Jim Ivey's Sunday Comics

Order Jim Ivey's new book Cartoons I Liked at or order direct from Ivey and get the book autographed with a free original sketch.


Just for laughs, I was wondering if Ivey, during his days on the Examiner in S.F., ever encountered the immortal Lucius Beebe, who I believe during that time was toiling for the rival Chronicle. I have a collection of Beebe's material he did for the Chronicle, and he surely seems like someone that a man of Ivey's eye couldn't possibly miss.
Hi Eric -
Jim's not a computer guy, but when he gets the hardcopy of the blog at the end of the month he'll have a response for you. Watch this space...

Jim Ivey responds:

"Lucius Beebe didn't frequent bars popular with the Examiner crowd. Beebe was a dandy and he dressed as such (the opposite of the famous 'Emperor of San Francisco' with his mutt dogs) and I never had the experience of making his acquaintance, sadly.

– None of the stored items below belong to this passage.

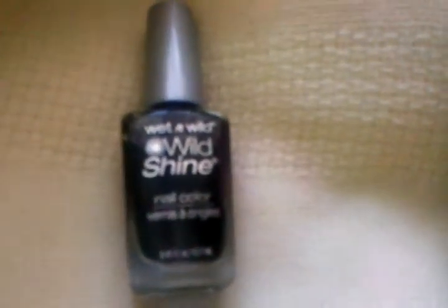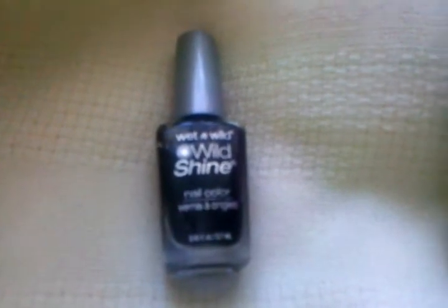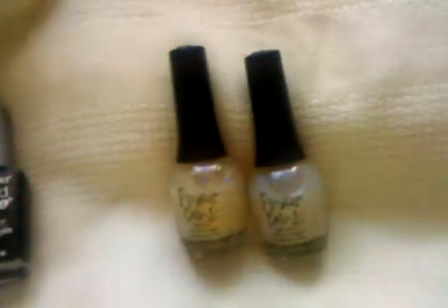I swatched them over just a Wet n Wild black cream that Bobby got for me, because I don't wear black nail polish. And here you can really see how beautiful they are — this one is multicolored and this one is green with a blue-purple. Thanks for watching, bye!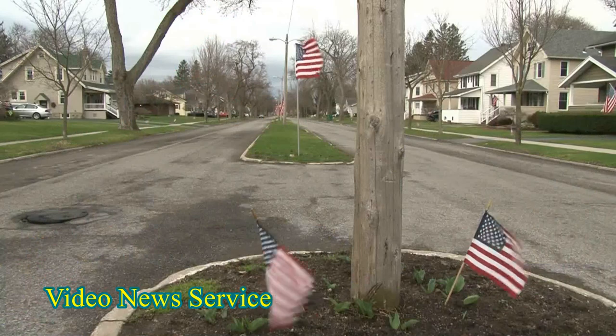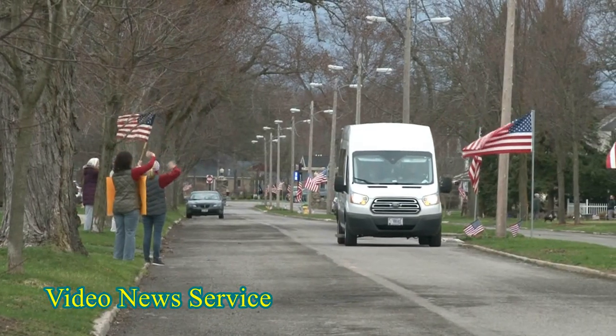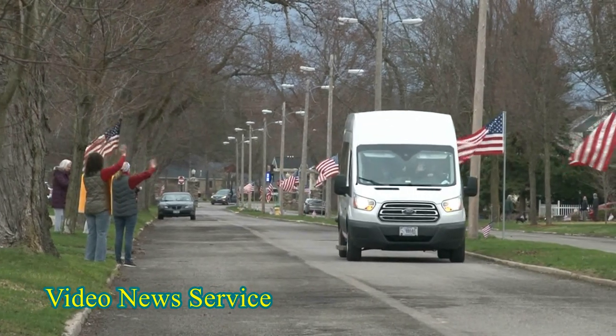We had some help from the neighbors. My mom and dad helped us and we put them out and it looks really great. It just looks like we're all taking care of one another. Thank you.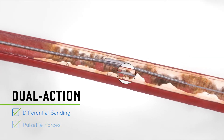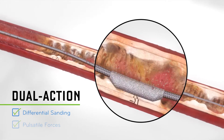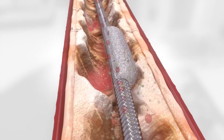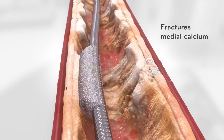Through differential sanding, healthy elastic tissue flexes away from the crown, minimizing damage to the vessel wall. The crown's orbital motion delivers pulsatile forces, and the dual action MOA fractures medial calcium.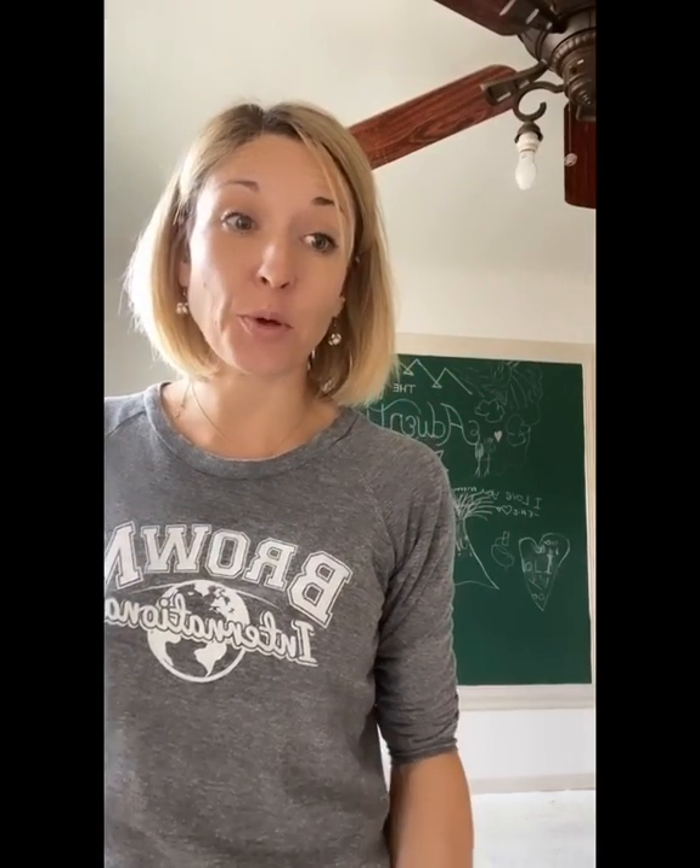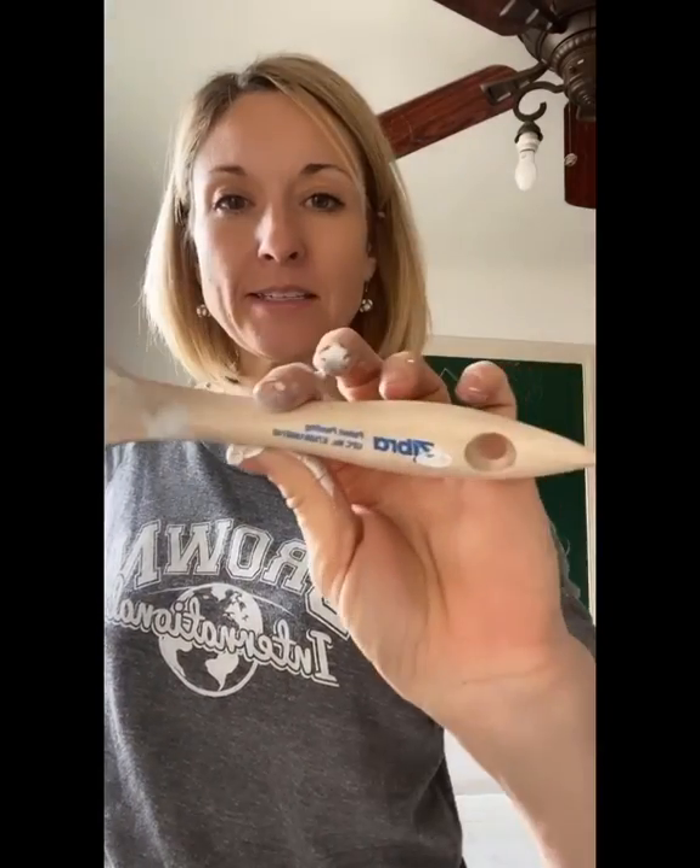All right guys, here's the plan for this room. I am going to cut into all the corners. I'm going to use my favorites, my Zebra paintbrush, because it has the perfect angle for cutting in. It saves me all the time of having to tape up or tape off all of the trim work in here.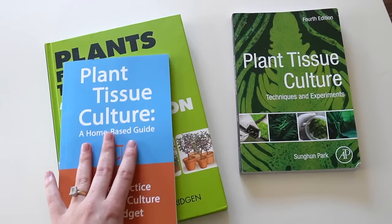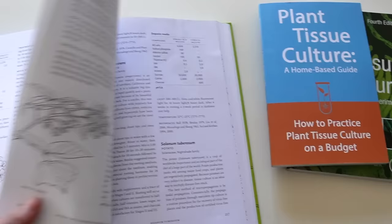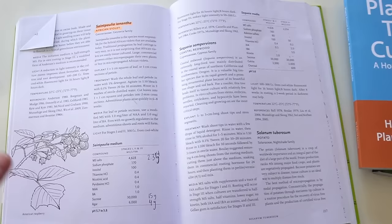A protocol is basically a set of instructions for tissue culturing a certain plant. It'll tell you which plant growth regulators to use, how to make the media and what ingredients to mix in, when to subculture the plants, and the light and temperature you should keep the culture vessels at. If you buy books like these, there are always protocols in the back. Here is one protocol that I've used many times for African violets, and it works great.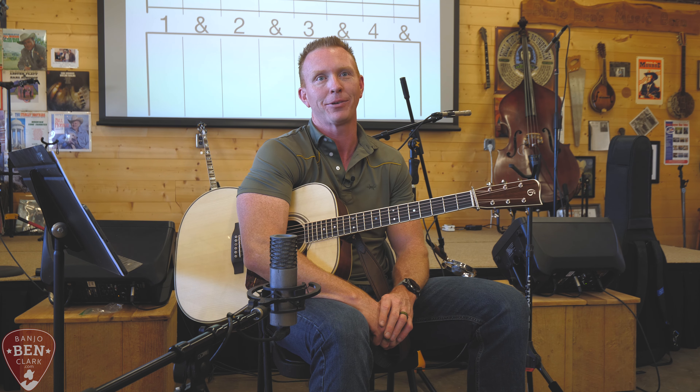When we talk about bluegrass rhythm, we're primarily going to be operating in 4/4 measures. We played a song in the jam out there that was in 3/4 - also known as a waltz. In 4/4, we have 4 beats per measure and a quarter note gets the beat. In 3/4, we have 3 beats per measure. But most of our bluegrass songs are going to be in 4/4 - four quarter notes in a measure.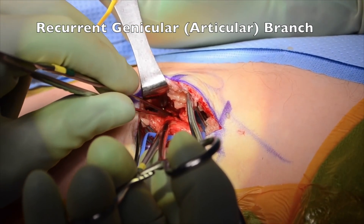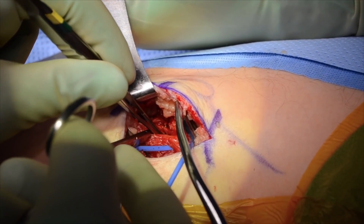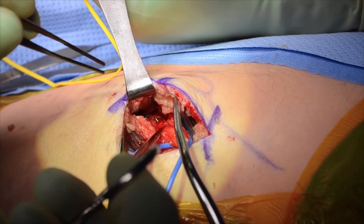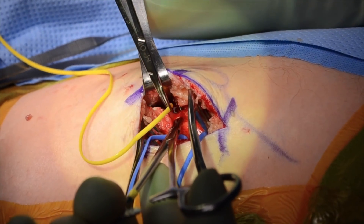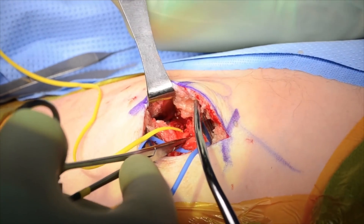The recurrent genicular or articular branch, shown here, courses towards the superior tibio-fibular joint. Once isolated, each branch is marked with a yellow vessel loop.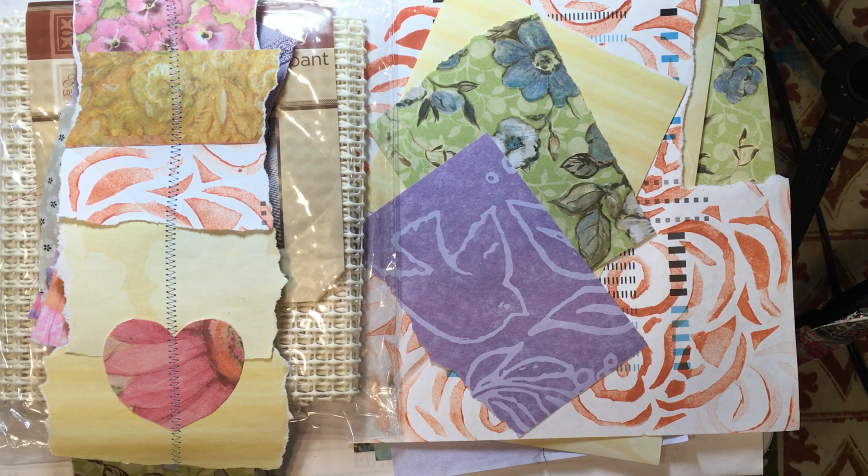Hello everyone, it's Amy and welcome back for week 176 of Build Your Stash and Craft. Today we are going to make our own iron-on snippet rolls and you can do them with fabric.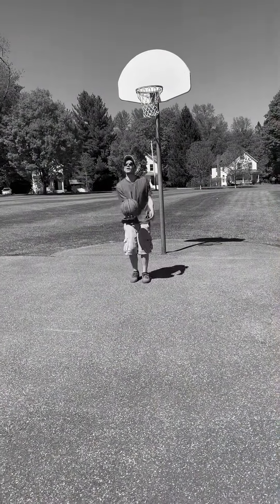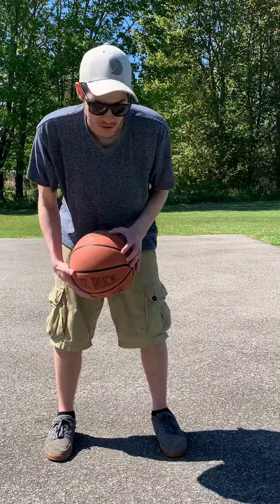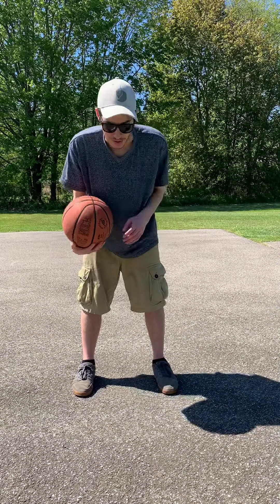Hey everybody, it's Alex and I have a challenge for you guys to do. We want everybody to get outside now that the weather is amazing. If you have a basketball or a soccer ball or anything that bounces, I have some challenges for you. What you want to do is have your feet shoulder-width apart, standing with your legs open a little bit. Bend your knees and dribble — try not to move your feet at all — and try to dribble in and out using both hands doing a figure eight.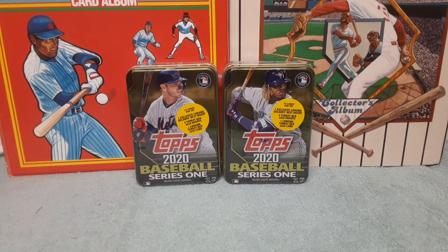Hello and welcome back, fellow card rippers! Back again with a new product exclusively only at Walmart — the 2020 Series One Topps tins. Pretty cool product. I just recently watched Jabs Family yesterday ripping open about nine of these.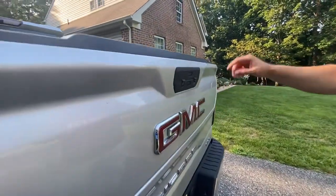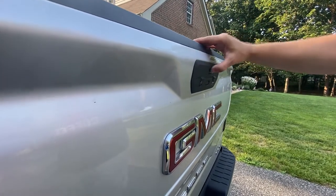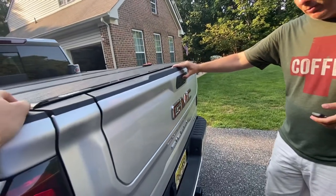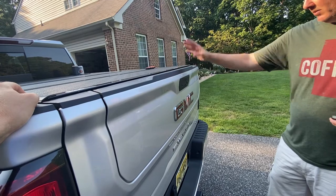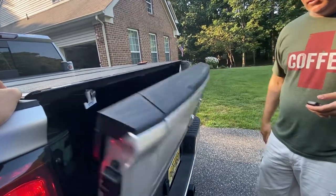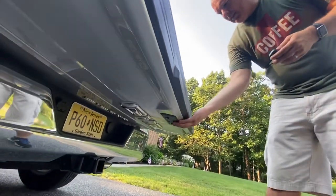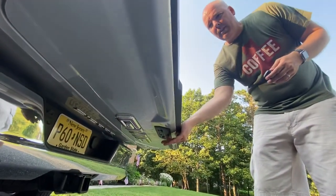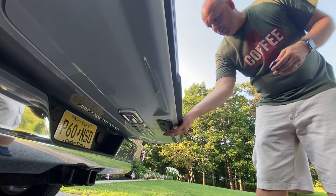The multi-function tailgate — two pushes, nothing. One push, nothing. Push and hold, nothing. Not working. The bottom one is the large tailgate. Now the same thing with this top button, the multi-function — two pushes, nothing. One push, nothing.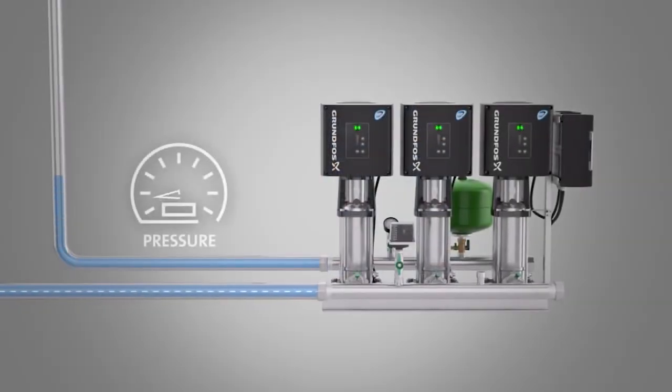The Grundfos pipe filling function starts by filling the water pipe slowly, to minimise the risk of water hammer.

My time on the Examiner was 1959-66, sort of the beatniks into the hippies era, though I was not part of that scene. For some strange reason their poets came to visit me in my office. Gary Snyder and another whose name I've forgotten would show up and start chatting as I inked my cartoon. What the attraction was I was unaware of, as I was just drawing away and listening. Pleasant chaps, not cartoonish.

I only knew of Lucius Beebe through news articles and columnist items."